Tuba was, is, and always will be the people’s drink—homegrown, unpretentious, readily accessible, and as far as general knowledge is concerned, devoid of any standards of quality or drinking etiquette. But of course, aside from the supreme ability of being able to drink quantities of it without toppling over in drunken stupor, there are standards of flavor as any connoisseur will tell you.
—Merlie Alunan, writer and teacher, UP Visayas Tacloban College
The tuba wine is found in many parts of the Philippines, not just in Leyte or Samar. Tuba uplifts the spirit and the body and has the power to either intoxicate or to energize. To some it is a bitter drink, and to others a sweet and lively drink. That is the paradox of this drink because it also reflects both the bitter and sweet lives of those who gather, ferment, and sell the wine. The book describes that life in the coconut farm can be unsettling and hard, yet the tuba gatherer looks to a better and equitable future.

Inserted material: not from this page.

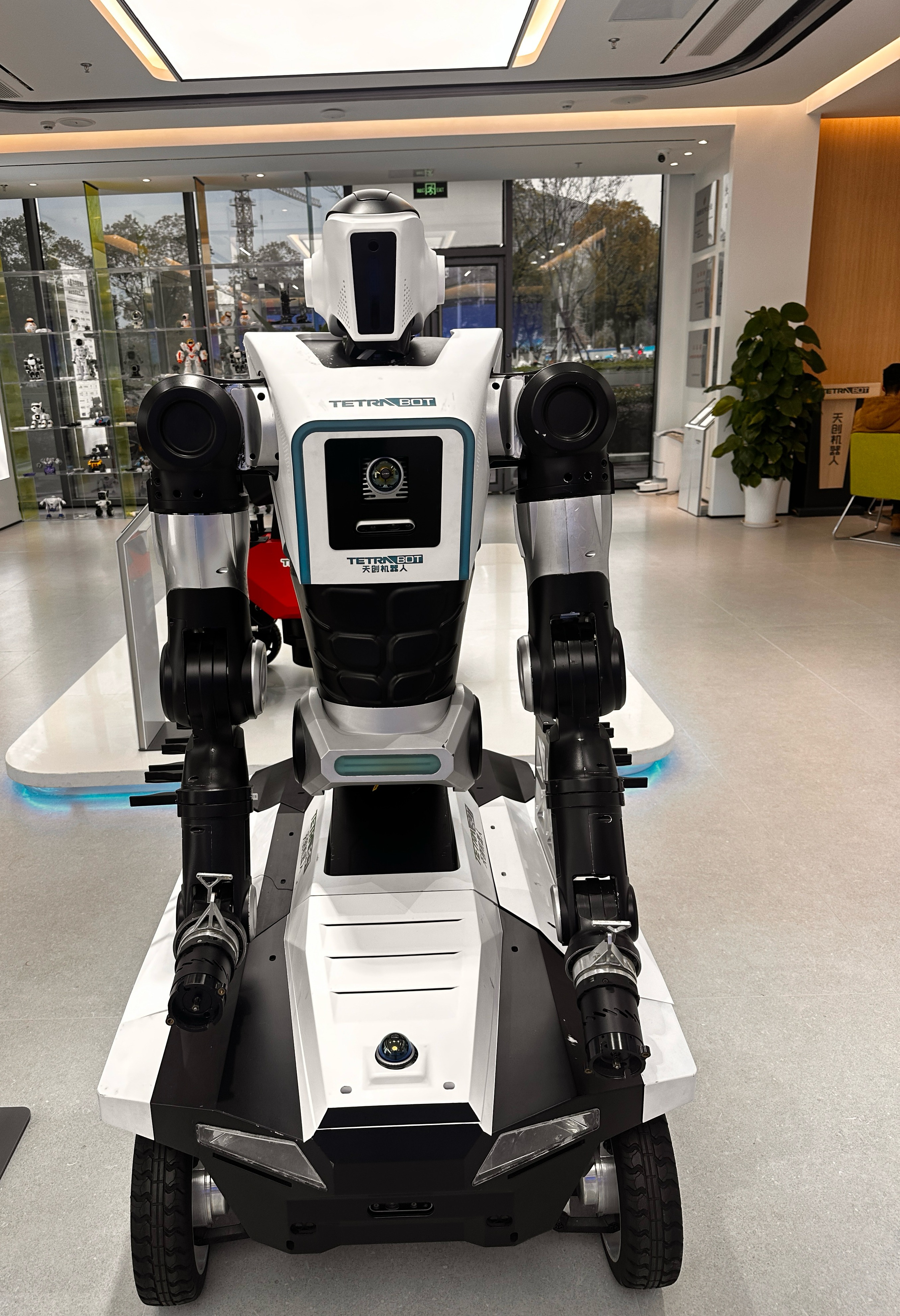 南京天创电子技术有限公司研发的防爆人形机器人。南京日报/紫金山新闻记者 江芬芬 摄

—Leo Almeria, interior designer and advocate for preserving historical buildings in Leyte
An “alamat” (mythical legend) in reverse, unraveling the mystique of tuba, thus giving it the identity it deserves, and promoting pride beyond its commercial prospects. Reading the book is to look into the eyes of one who has quaffed tuba and understood why, at some time, one must make a toast to life, or dance to the strums of a lone guitar, or move with flair and hearty enjoyment to the beat of a drinking song. To pass up on the chance to make the toast is to miss out on an unforgettable experience.
—Dalisay Capucion-Sevilla, NGO volunteer and management consultant to the Provincial Governor of Leyte
This book introduces readers to tuba, an indigenous wine of the Philippines collected from each gentle drip of the sap from the inflorescence of a coconut. In Leyte and Samar, tuba is the traditional drink that flows freely during celebrations, fiestas, weddings, funeral wakes, and birthday parties. The wine binds together the Waray-waray-speaking people to seek a common purpose and gives them hope for a better future despite natural calamities, tragedies, and benign neglect.
About the Author
True to his eclectic interests and concerns, Arturo G. Pacho has written on urban development, local government, ethics in government, public enterprise, and the ethnic Chinese community. In his professional life, Art did research and taught graduate classes in public administration at the University of the Philippines and as a teaching fellow at Kent State University, where he taught undergraduate classes in political science. Art also studied at Rutgers University in New Jersey, focusing on urban and regional planning. Retiring from the City of Los Angeles government as a management analyst, Art found the research on tuba a refreshing change and a good reason to return to his roots. He grew up in Tacloban City and has continued his commitment to support projects on the arts, education, and public health in Leyte.